§ What you should do:
Set every line of the data down again exactly, and keep the pictures out.

══ Data records

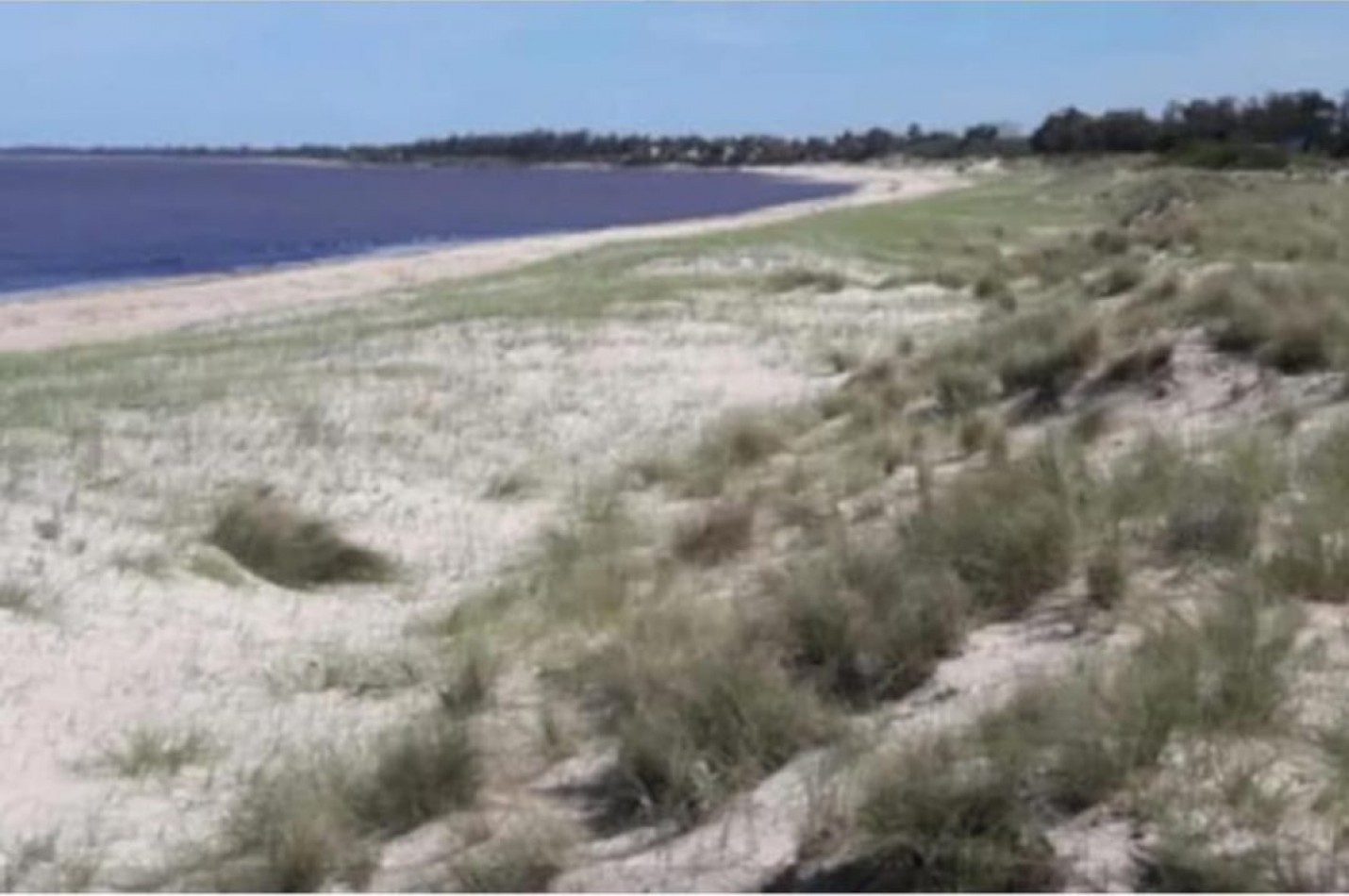 Propriete de 197 hectares avec 2500 metres de front de mer sur le Rio de la Plata, a 40 km de Montevideo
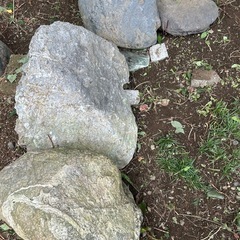 大きな庭石の画像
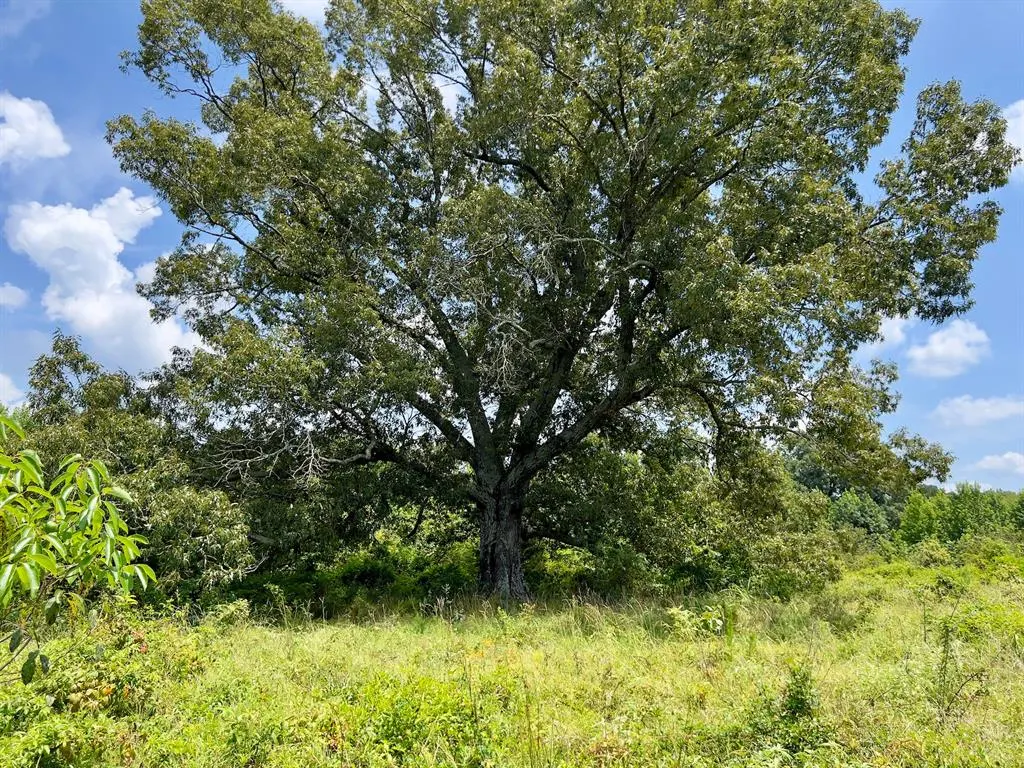 Photo 26 — 80 Sand Road, Haworth, OK 74740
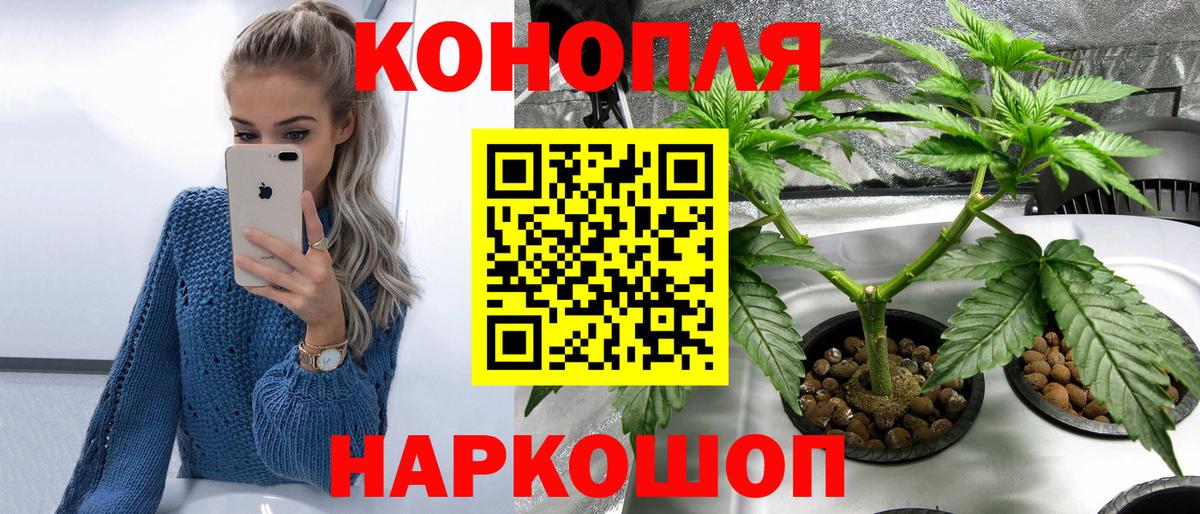 Канабис план Алатырь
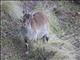 Walia ibex (Capra walie) - Female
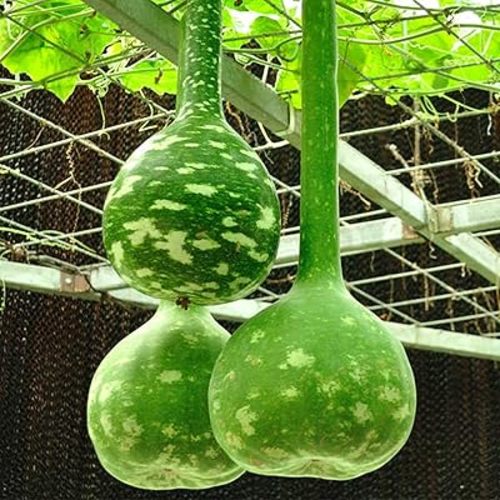 KVITER 10 Dipper Gourd Seeds (Lagenaria Siceraria) – Long Handle Dipper Gourd, Heirloom Seeds Non GMO Organic – Perfect Gourds for Crafts – Great for Outdoor Vegetable Garden, Containers & Trellises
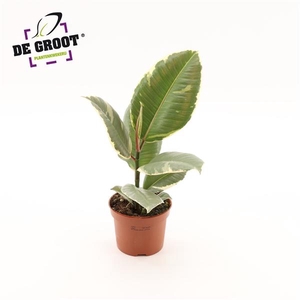 Ficus elastica 'Tineke'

════

§ Result:
 Propriete de 197 hectares avec 2500 metres de front de mer sur le Rio de la Plata, a 40 km de Montevideo
 大きな庭石の画像
 Photo 26 — 80 Sand Road, Haworth, OK 74740
 Канабис план Алатырь
 Walia ibex (Capra walie) - Female
 KVITER 10 Dipper Gourd Seeds (Lagenaria Siceraria) – Long Handle Dipper Gourd, Heirloom Seeds Non GMO Organic – Perfect Gourds for Crafts – Great for Outdoor Vegetable Garden, Containers & Trellises
 Ficus elastica 'Tineke'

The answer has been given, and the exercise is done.